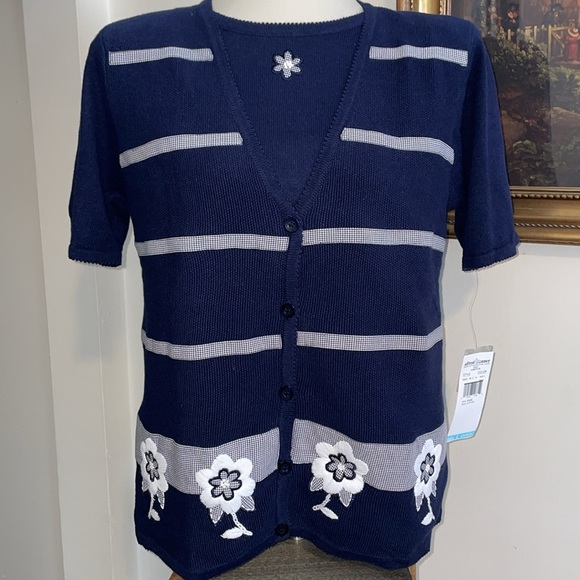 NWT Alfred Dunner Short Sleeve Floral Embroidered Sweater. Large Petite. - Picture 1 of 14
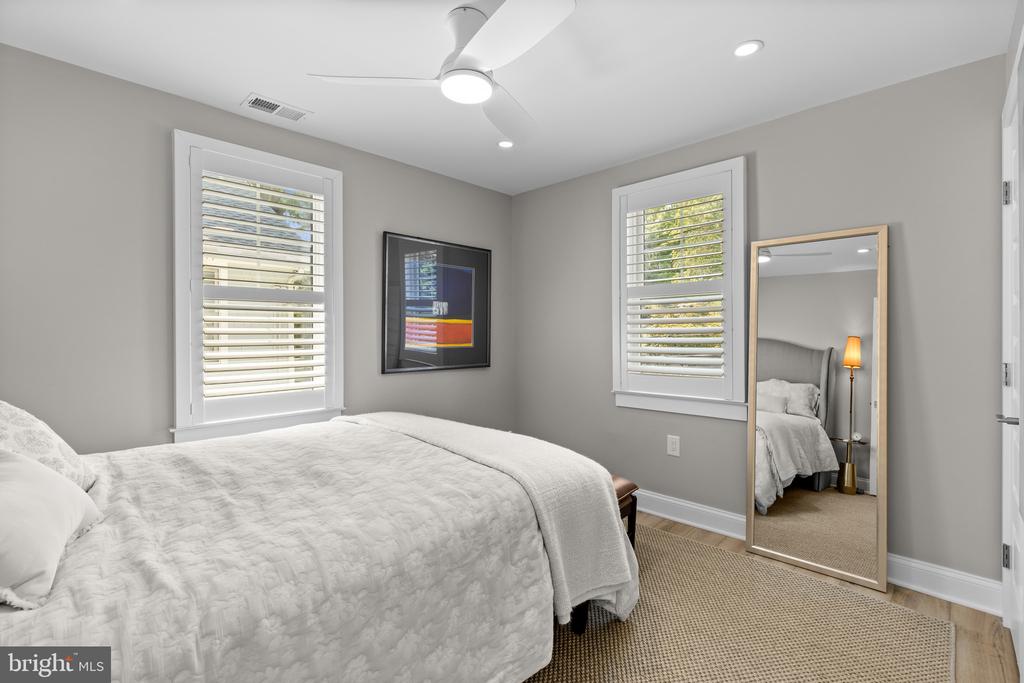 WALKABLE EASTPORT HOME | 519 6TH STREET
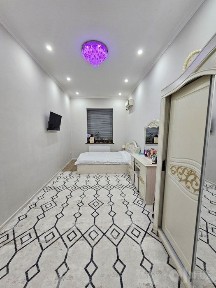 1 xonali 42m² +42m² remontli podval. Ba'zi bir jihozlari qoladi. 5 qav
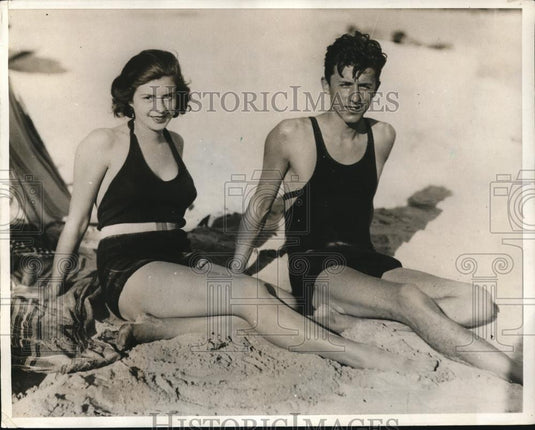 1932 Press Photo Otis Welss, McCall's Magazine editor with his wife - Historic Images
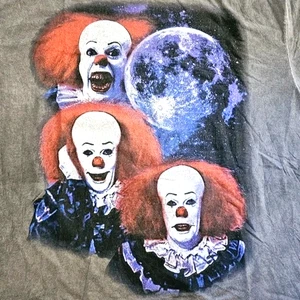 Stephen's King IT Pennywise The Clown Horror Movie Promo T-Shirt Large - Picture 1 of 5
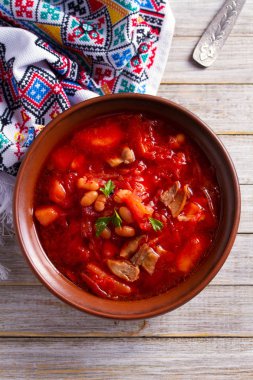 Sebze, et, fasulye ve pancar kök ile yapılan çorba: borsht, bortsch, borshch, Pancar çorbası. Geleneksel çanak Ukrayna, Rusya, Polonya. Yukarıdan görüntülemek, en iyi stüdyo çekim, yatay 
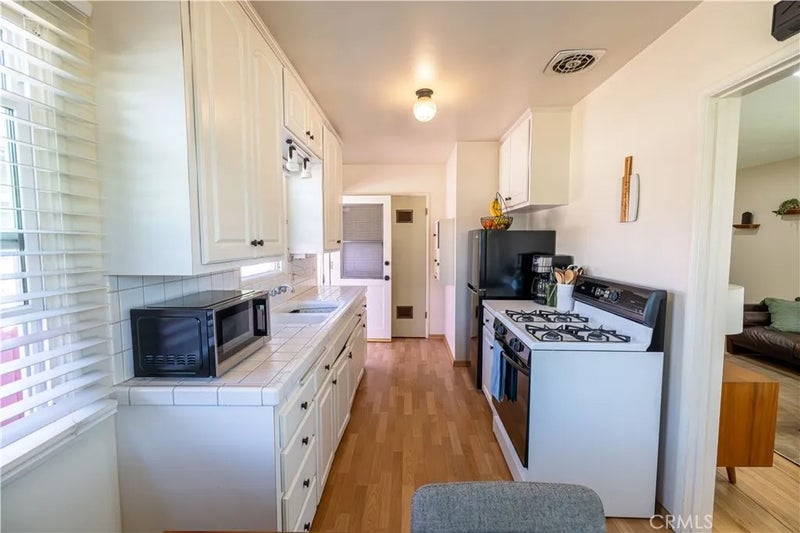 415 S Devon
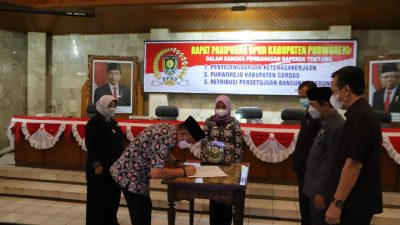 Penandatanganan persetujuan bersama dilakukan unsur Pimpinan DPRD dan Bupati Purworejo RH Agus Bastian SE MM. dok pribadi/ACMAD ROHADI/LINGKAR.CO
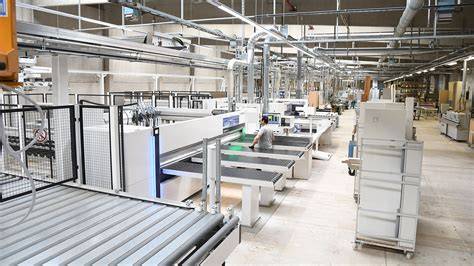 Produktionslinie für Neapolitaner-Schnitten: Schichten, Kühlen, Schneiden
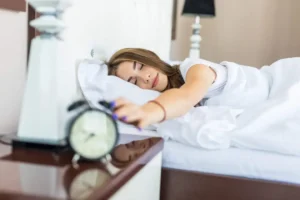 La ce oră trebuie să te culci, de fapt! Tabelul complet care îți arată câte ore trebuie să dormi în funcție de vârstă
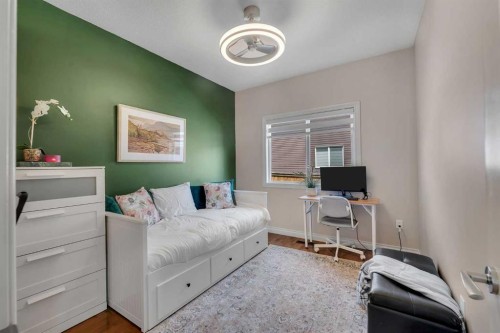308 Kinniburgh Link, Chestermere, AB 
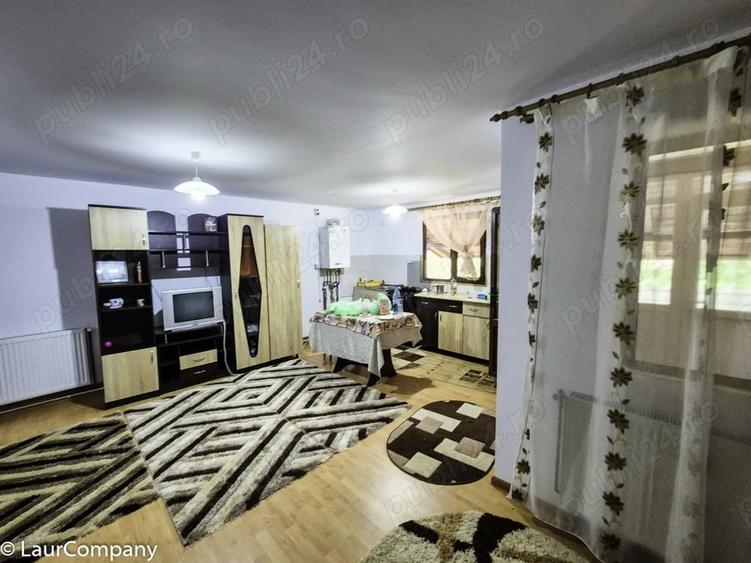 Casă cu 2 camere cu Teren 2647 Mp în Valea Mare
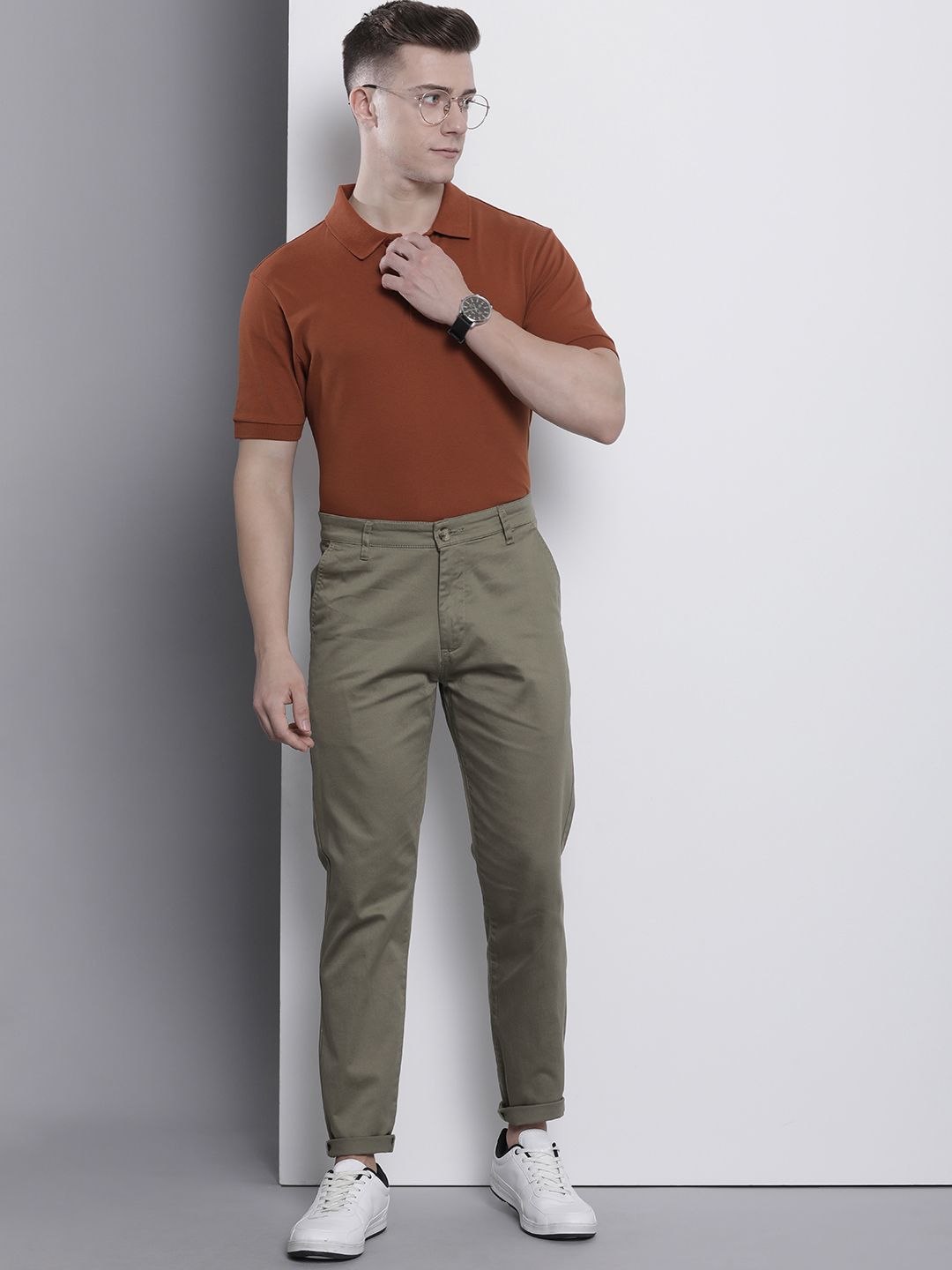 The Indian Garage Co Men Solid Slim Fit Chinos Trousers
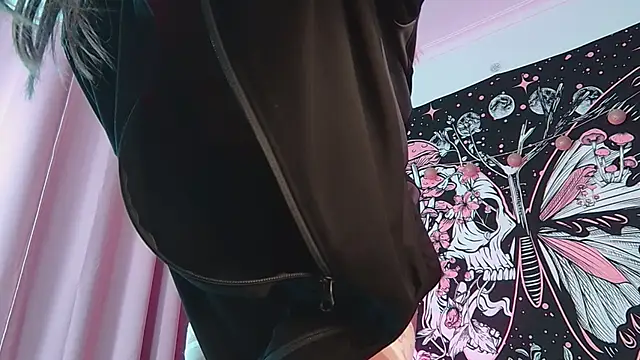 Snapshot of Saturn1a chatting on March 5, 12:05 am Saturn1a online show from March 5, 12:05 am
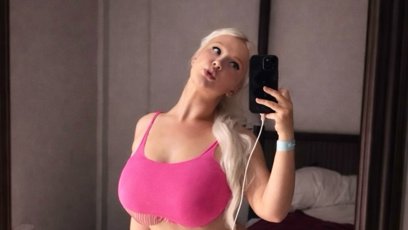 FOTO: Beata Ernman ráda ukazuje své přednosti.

++++++

_WORK INSTRUCTION_
All lines from the one containing "La ce oră trebuie" through the final line of the entries above are to be copied exactly; the pictures are not.

_TASK RESULT_
 La ce oră trebuie să te culci, de fapt! Tabelul complet care îți arată câte ore trebuie să dormi în funcție de vârstă
308 Kinniburgh Link, Chestermere, AB 
 Casă cu 2 camere cu Teren 2647 Mp în Valea Mare
 The Indian Garage Co Men Solid Slim Fit Chinos Trousers
 Snapshot of Saturn1a chatting on March 5, 12:05 am Saturn1a online show from March 5, 12:05 am
 FOTO: Beata Ernman ráda ukazuje své přednosti.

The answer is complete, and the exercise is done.